Many of these movies focus on rural settings in the country with witch doctors, female vampires known as Pontianaks, and of course enough possessions to live up to the horror genres of countries with a much longer history of creating horror movies. Malay horror is unique with the whole addition of a witch doctor, but it is definitely not a bad thing. It is a nice change from the traditional onryu (long haired female ghost) that is present in other Asian horror movies. The following picks are some of the best ones I have seen, but these are only a handful of fish in an ever expanding pool that is the horror movie genre in Malaysia.
Fragrant Night Vampire
This 2004 movie is responsible for the huge boom in Malay horror movies over the recent years. This film centers around the aforementioned pontianak, or female vampire. The story is fairly simple, it focuses on Meriam who was murdered and buried in a shallow grave. She returns as a pontianak to hunt down and viciously kill those who doomed her to such a fate.

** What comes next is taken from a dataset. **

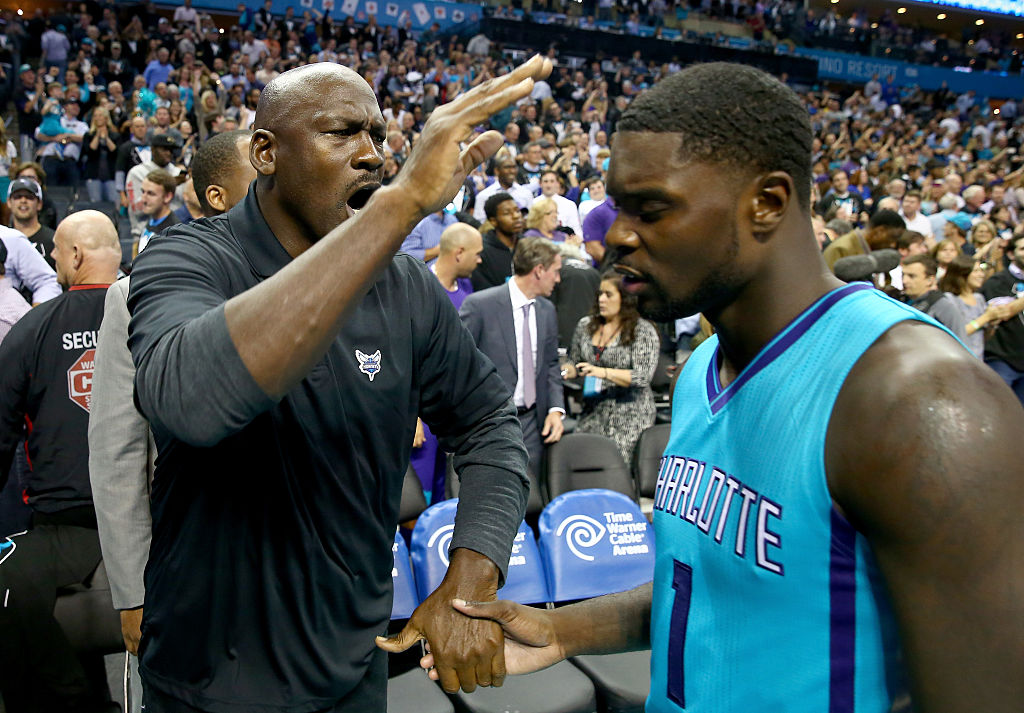 Charlotte Hornets owner Michael Jordan celebrating with a player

This movie ended up a huge hit in Malaysia and won awards abroad. The pontianak character is something everyone has heard of in myths and legends, because everyone had heard of it, it was a massive hit among movie goers. Thus it ushered in a new era for horror movies. Malay filmmakers saw the massive amount of money it made and saw a bright new market in which they could pounce upon.

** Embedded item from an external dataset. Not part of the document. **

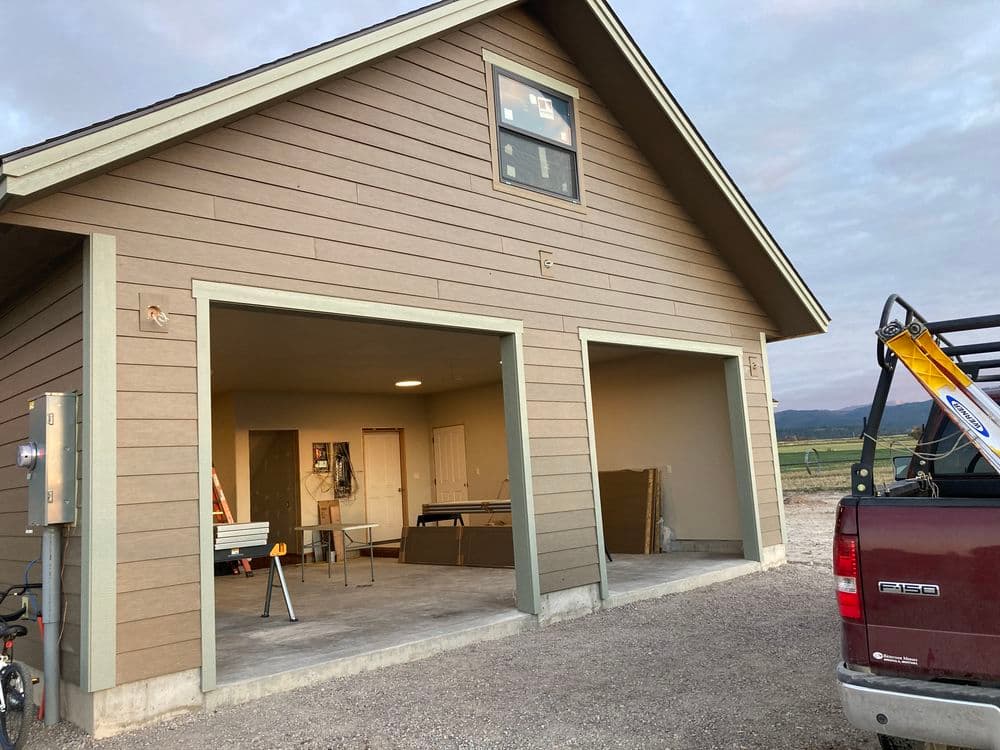 Newly constructed garage with open doors, featuring interior framing and tools visible.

This 2007 movie was based around true events, which were spooky enough even without the horror movie twists. The movie focuses on the Malaysian politician Datuk Mazlan Idris who wants to boost his political career through supernatural means. He enlists the help of Mona Fandey who was a popular pop singer in the early 1990's, around when this event took place, and her husband. Fandey claimed to be able to wield the spells of her black magic as a witch doctor. However, the ritual goes awry and the politician is later found hacked to pieces. In the actual event, Mona Fandey was sent to jail in which she was hanged in 2001, reportedly smiling very creepily and saying she will never die.
Though named were changed around in the movie, the relatives of Mona Fandey were strongly against a public screening of the movie. As of 2007, it had not been shown in its home country of Malaysia, and I am unsure if that has changed.

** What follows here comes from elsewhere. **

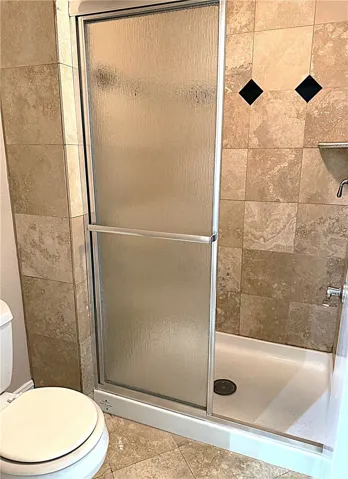 Private enclosed custom shower area.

This 2008 movie has a plot very similar to Dukun, however it does not have the same "true story" appeal. Susuk follows Soraya who is a young girl training to be a nurse, however deep into her training she feels the dissatisfaction with her life that everyone feels at one point. She decides she wants to go into a career in showbiz. She is given the chance at showbiz, but at first fails. However, she is told that the practice of susuk may help, which is the act of placing needs made of gold and precious metals into the flesh as talismans. She meets another actress who has been doing this as well and has developed supernatural powers. The two worlds of these women intertwine until they culminate in an utterly shocking climax.
Don't Look Back
This 2007 film is one of the highest grossing films in Malay history. It follows a man named Darma who is suffering from the abrupt suicide of his fiancée Rose. Unbeknownst to him, his fiancée was haunted by a spirit before she killed herself. A spirit the two had released when they plucked a jar from the beach and opened it inside their home. He sets out with his fiancées twin sister Seri to solve the mystery behind Roses' death and unravel the supernatural happenings going on around them.
This movie gives a unique look at traditional Malay beliefs, such as the belief that certain types of ghosts cannot enter a building without being invited by the owner, much like our Western vampire lore.
This 2006 film is probably one of my personal favorite films. The plot focuses on two Chinese sisters named Amber and Lisu who are in want of stardom. To follow their dreams of fame, they travel to Malaysia to pursue careers in modeling and singing. However, one day Lisu goes missing and Amber falls into a coma. Amber is sent back to China for treatment only to awaken five months later with no memory for her past. She later returns to Malaysia to continue her career as a model and search for her sister. Soon she begins to be harassed by an obsessive male fan and begins to have strange visions of her sister.
This 2008 film draws many parallels to other Western horror films in it plot while still keep its traditional Malay charm. Kazman is a good husband to buys a vacation home for his family, however, he neglects to visit it before purchasing. When his wife Sufiah arrives, she instantly feels uneasy about the place. To cement her general discomfort, her daughter Lisa is always downstairs playing congkak with an person only she can see. Congkak is a traditional game in Malaysia and other countries in the area. Sufiah eventually tosses the congkak in a lake, only to hear the sound of it being played the next night. When she investigates, she find an old woman playing it. However, when her daughter disappears, Sufiah recruits an Islamic holy man to help her find her daughter.